* _What the task requires_:
Repeat everything in the listing exactly, except for the images.

* _Recorded information_:
************

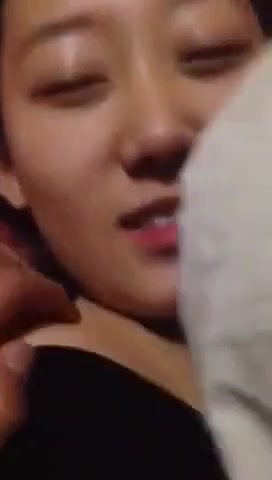 害羞的楼上少妇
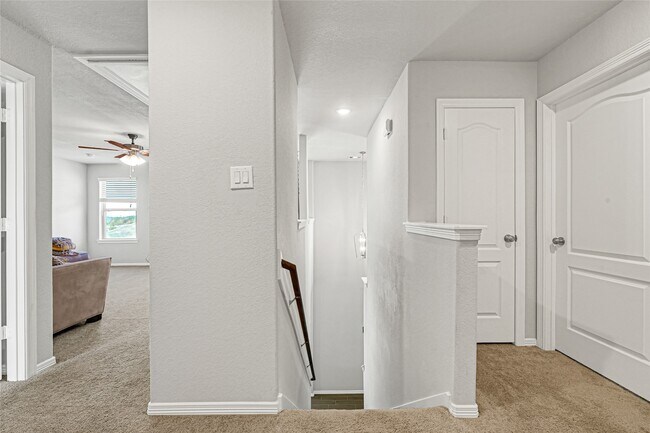 Building Photo - 25452 Northpark Lake Dr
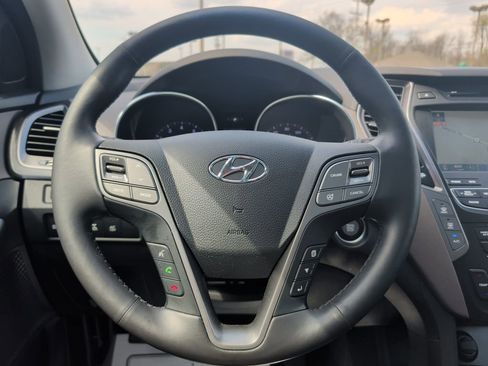 Used 2013 Hyundai Santa Fe Limited w/ Technology Pkg image 11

************

* _Exercise solution_:
 害羞的楼上少妇
 Building Photo - 25452 Northpark Lake Dr
 Used 2013 Hyundai Santa Fe Limited w/ Technology Pkg image 11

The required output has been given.